The promotion and protection of Iceland’s cultural heritage is of great importance to Icelandair Group and its daughter company, Icelandair Hotels. Icelandair Hotel Reykjavik Marina is a part of this ambition, and so is Reykjavik Marina Residence (read more about its history here). The hotel building of Reykjavik Marina used to be a paint factory before its days as a unique upscale hotel, which is so close to the active shipyard you can almost touch the nose of a ship in the dock. The building has been given a new purpose whilst its history lives on in pictures and playful interior design.
In 2015, Reykjavik Marina and Reykjavik UNESCO City of Literature initiated a working relationship that involves Kaffislippur, the in-house café at the hotel, hosting literature events, readings and celebrations of Icelandic literature art in Reykjavik, both contemporary and historical work.
Adding to this ongoing relationship with Reykjavik UNESCO City of Literature, a partnership agreement was signed in 2016 where Icelandair Group pledged to support Reykjavik UNESCO City of Literature in the restoration and operation of Grondalshus – a historically significant house located in Grjotathorp village in downtown Reykjavik. Further, the aim of this cooperation is to preserve the cultural heritage of the city centre and strengthen the promotion of Icelandic culture.
City of Reykjavik bought Grondalshus in 2006 to preserve its cultural historical value. Blacksmith Jon Sigurdsson built the house in 1881 but poet and scholar Benedikt Grondal (1826-1907) bought the residence in 1888 and lived there ever after. Benedikt Grondal was one of the first so-called “Poets of Reykjavik”, growing up in the capital, which at that time was transforming from a town to becoming a city.

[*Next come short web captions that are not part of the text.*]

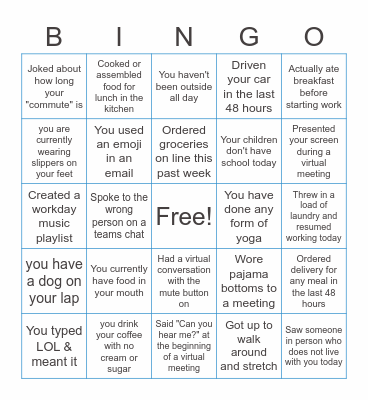 Coffee Break BINGO Card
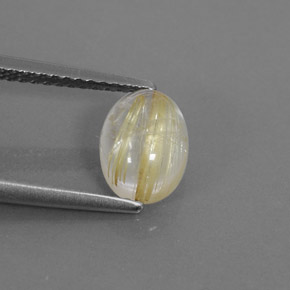 Cuarzo rutilado amarillo natural de 1,54 ct, transparente, transparente / translúcido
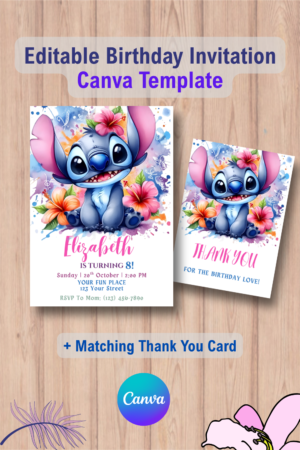 Editable Stitch Birthday Party Invitation Template with Thank You Card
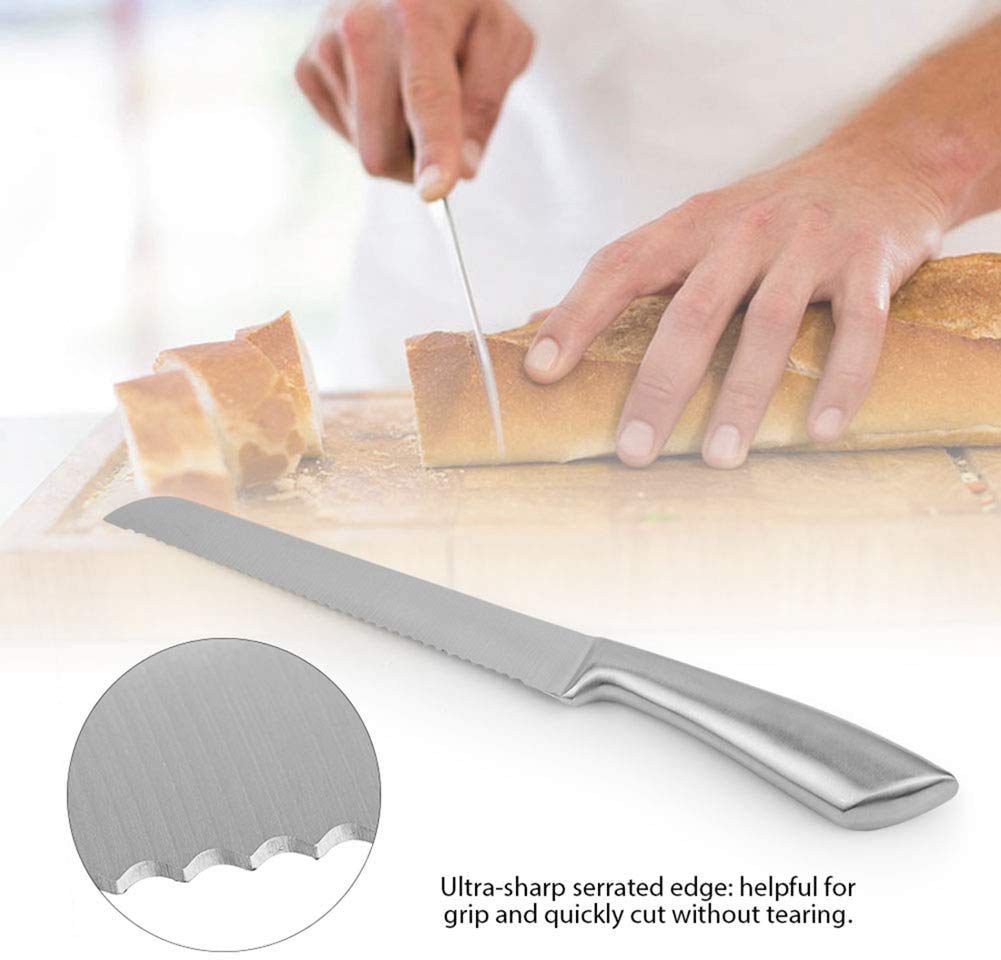 TOPINCN Bread Knife Stainless Steel Serrated Baking Knife Cake Bread Kitchen Cutter Hand Tool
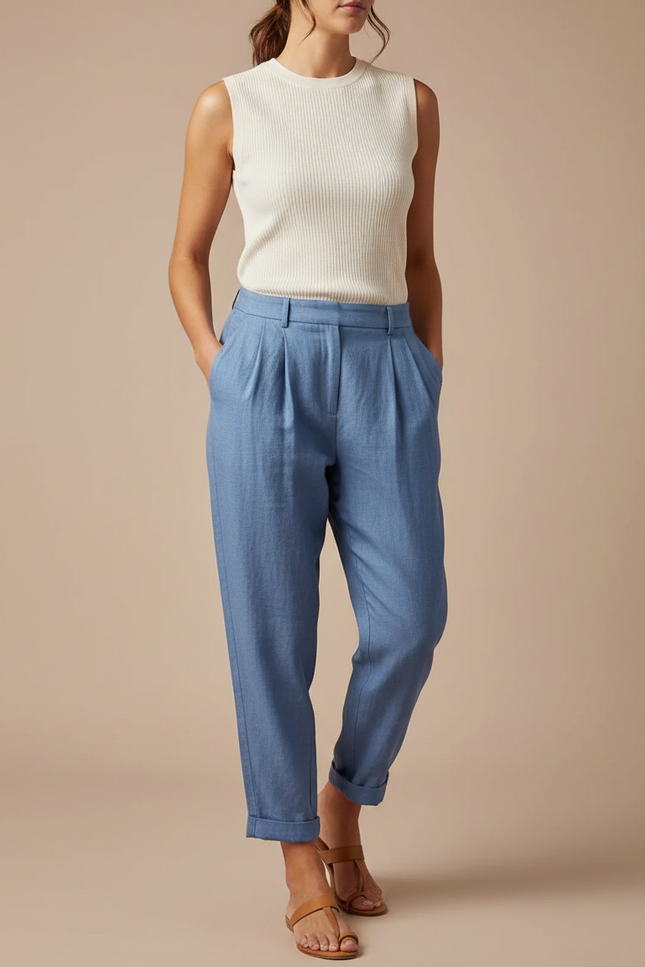Pantalon À Pince Bleu Ciel Lin Coton Plissé Décontracté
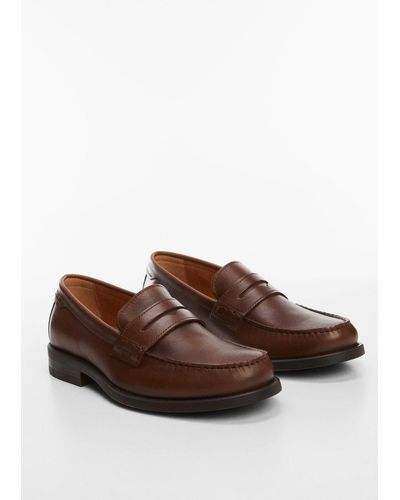 Mango Penny Loafers - Brown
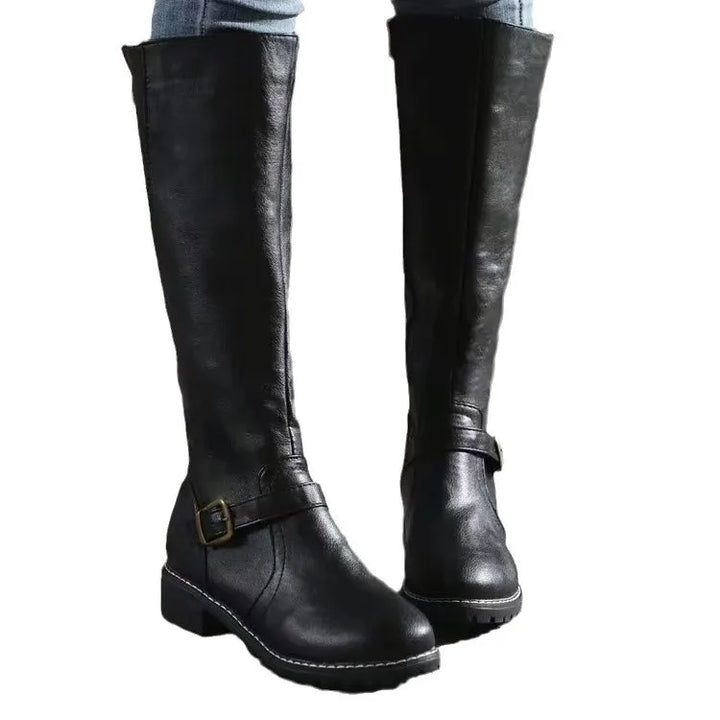 Women’s Leather Knee High Boots – Comfortable Flat Riding Style Winter Boots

Reykjavik UNESCO City of Literature will operate Grondalshus. An exhibition honouring the memory of Benedikt Grondal and the history of the 19th century in Reykjavik will be on the main floor. The residence will also be able to host literature events, meetings and functions and the basement will hold a writer’s residency, for foreign writers wanting to stay in Reykjavik for work. The attic will hold facilities for writers and scholars.